| | |
Summary: Modeling Parallel Sorts with LogP on the CM5
Andrea Carol Dusseau
Department of Electrical Engineering and Computer Science
Computer Science Division
University of California, Berkeley
Technical Report: UCB//CSD94829
Abstract
In this paper, the LogP model is used to analyze four parallel sorting algorithms (bitonic, column, radix,
and sample sort). LogP characterizes the performance of modern parallel machines with a small set of
parameters: the communication latency (L), overhead (o), bandwidth (g), and the number of processors
(P ). We develop implementations of these algorithms in SplitC, a parallel extension to C, and compare
the performance predicted by LogP to actual performance on a CM5 of 32 to 512 processors for a range
of problem sizes and input sets. The sensitivity of the algorithms is evaluated by varying the distribution of
key values and the rank ordering of the input.

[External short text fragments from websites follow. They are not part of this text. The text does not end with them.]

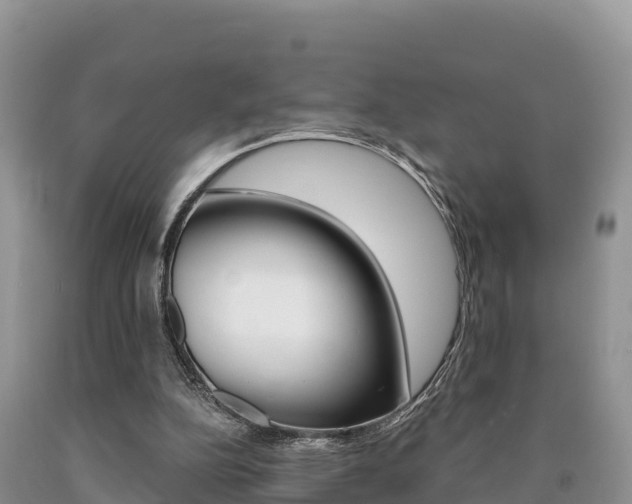 X0000090720152200707201021
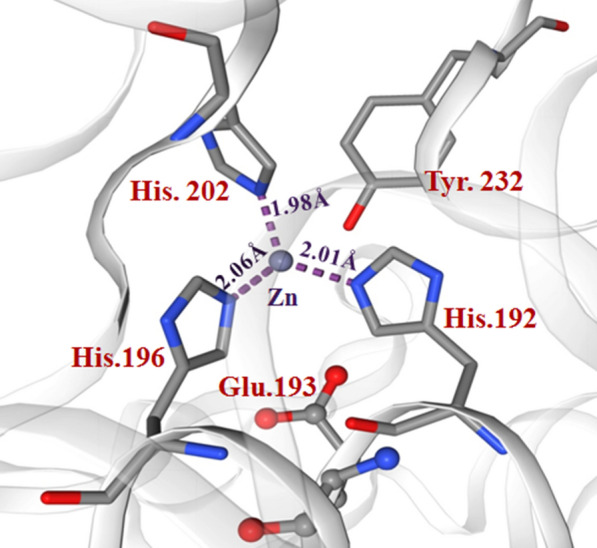 Fig. 9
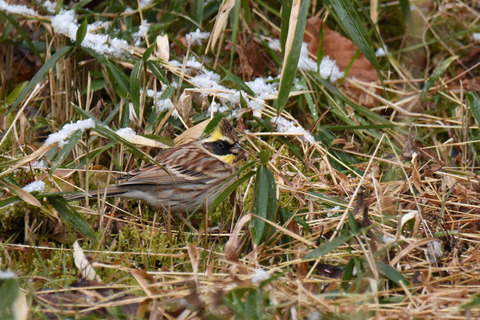 DSC_3346a.jpg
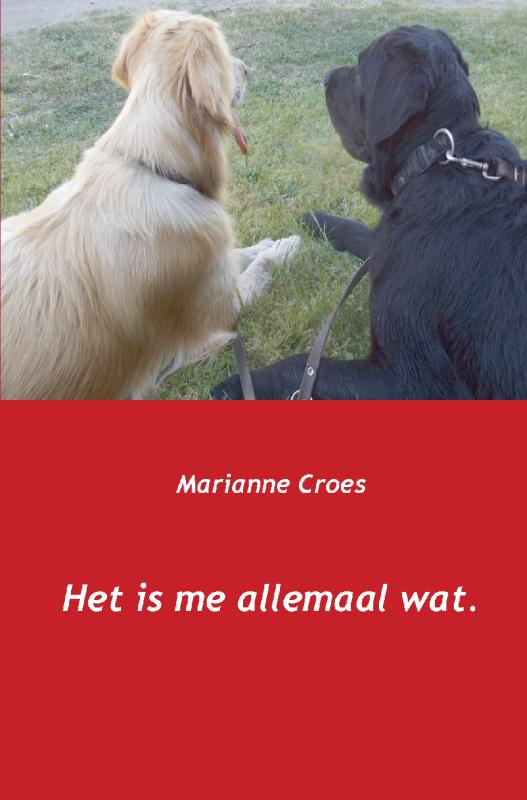 Omslag van Het is me allemaal wat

The LogP model is shown to be a valuable guide in the development of parallel algorithms and a good
predictor of implementation performance. The model encourages the use of data layouts which minimize
communication and balanced communication schedules which avoid contention. Using an empirical model
of local processor performance, LogP predictions closely match observed execution times on uniformly
distributed keys across a broad range of problem and machine sizes for all four algorithms. Communication
|